End of the porn golden age

When I entered the industry, we were staying in French chateaus. Now, companies are struggling to stay alive

Topics: Salon -- After Dark, Editor's Picks,

End of the porn golden age (Credit: Adam Fraise via Shutterstock)

My journey into porn began 10 years ago, on my way to a screenwriting career. It was a great time to get into the industry.

I stumbled into it because my would-be writing partner was working at a mainstream media company that padded its bottom line with sales of hardcore DVDs. By 2002, even in the midst of a recession, that padding was getting pretty thick. The studios noticed the sales that the Internet generated. They needed someone who could string together a press release, or a script, or a marketing campaign that would work in this new world. It was good money, and plenty of porn. For two gay guys – hell, for two any guys – the next five years were a string of Christmas mornings.

And not just for lucky idiots like us. Everyone was making money. Internet startups had started to figure out streaming video, and you could still sell DVDs all day long. Hundreds of new companies sprouted, like mushrooms after a rainstorm. We were lucky enough to be there for the harvest. We didn’t realize it then, but it was the beginning of porn’s golden age – and it wasn’t going to last.

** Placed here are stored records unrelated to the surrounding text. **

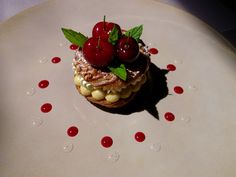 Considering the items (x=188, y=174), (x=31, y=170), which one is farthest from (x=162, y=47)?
(x=31, y=170)

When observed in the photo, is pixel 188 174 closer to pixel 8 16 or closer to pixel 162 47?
pixel 162 47

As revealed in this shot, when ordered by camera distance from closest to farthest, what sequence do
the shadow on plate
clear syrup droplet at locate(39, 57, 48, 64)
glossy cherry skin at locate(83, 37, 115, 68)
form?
glossy cherry skin at locate(83, 37, 115, 68) < the shadow on plate < clear syrup droplet at locate(39, 57, 48, 64)

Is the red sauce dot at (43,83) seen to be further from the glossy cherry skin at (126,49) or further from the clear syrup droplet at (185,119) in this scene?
the clear syrup droplet at (185,119)

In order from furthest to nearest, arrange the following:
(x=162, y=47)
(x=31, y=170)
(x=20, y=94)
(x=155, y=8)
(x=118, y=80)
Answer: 1. (x=155, y=8)
2. (x=162, y=47)
3. (x=20, y=94)
4. (x=118, y=80)
5. (x=31, y=170)


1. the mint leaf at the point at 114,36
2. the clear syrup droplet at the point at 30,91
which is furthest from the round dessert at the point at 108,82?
the clear syrup droplet at the point at 30,91

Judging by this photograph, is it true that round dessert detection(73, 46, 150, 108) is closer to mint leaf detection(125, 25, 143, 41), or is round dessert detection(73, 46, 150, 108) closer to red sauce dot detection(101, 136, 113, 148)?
mint leaf detection(125, 25, 143, 41)

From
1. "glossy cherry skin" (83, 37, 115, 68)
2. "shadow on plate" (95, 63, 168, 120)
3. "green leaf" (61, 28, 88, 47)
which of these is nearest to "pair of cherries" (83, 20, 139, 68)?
"glossy cherry skin" (83, 37, 115, 68)
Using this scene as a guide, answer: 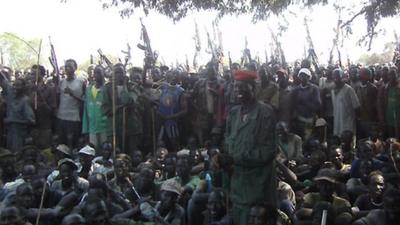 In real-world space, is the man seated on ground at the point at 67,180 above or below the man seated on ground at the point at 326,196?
above

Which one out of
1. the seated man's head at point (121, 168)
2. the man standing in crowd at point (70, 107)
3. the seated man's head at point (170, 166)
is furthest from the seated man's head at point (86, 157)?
the man standing in crowd at point (70, 107)

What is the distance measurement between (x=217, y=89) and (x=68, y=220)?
14.7 ft

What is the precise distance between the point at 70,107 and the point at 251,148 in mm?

It was an incredibly creative time for the industry. For all the boondoggles – a gay porn site curated by Jenna Jameson that never quite took off, a porn version of “The Color Purple” that was shelved – it was an exciting place to be. Studios invested in high-quality cameras, shot on location in Greece and Hawaii and Paris. There were massive webmaster parties in Berlin. Chartered yachts off the coast of Mexico. For two weeks one summer, my writing partner, Jack, and I got paid to live at a bathhouse while we worked on a gay porn soap opera. TMZ showed up at awards ceremonies. Even when it wasn’t glamorous, it was exciting.

Somewhere in 2006, we began to run out of licks. Only a year after Digital Playground produced “Pirates,” a porn movie with a $1 million budget, online video began attracting actual pirates, and they didn’t wear custom-made bras or sell for $69.95. Suddenly, those stacks of DVDs consumers had been collecting began to look like the recycling bin after a drinking binge. The party was ending. And then the economy tanked.

In 2008, when Lehman Brothers declared bankruptcy and the Dow plunged like a unbuckled belt, I was in a 14th century château outside of Bordeaux, the guest of a studio head with a fondness for firm tannins. The château had been built in a construction boom during the Hundred Years’ War. The family that owned it had long since lost their empire. We were about to lose ours.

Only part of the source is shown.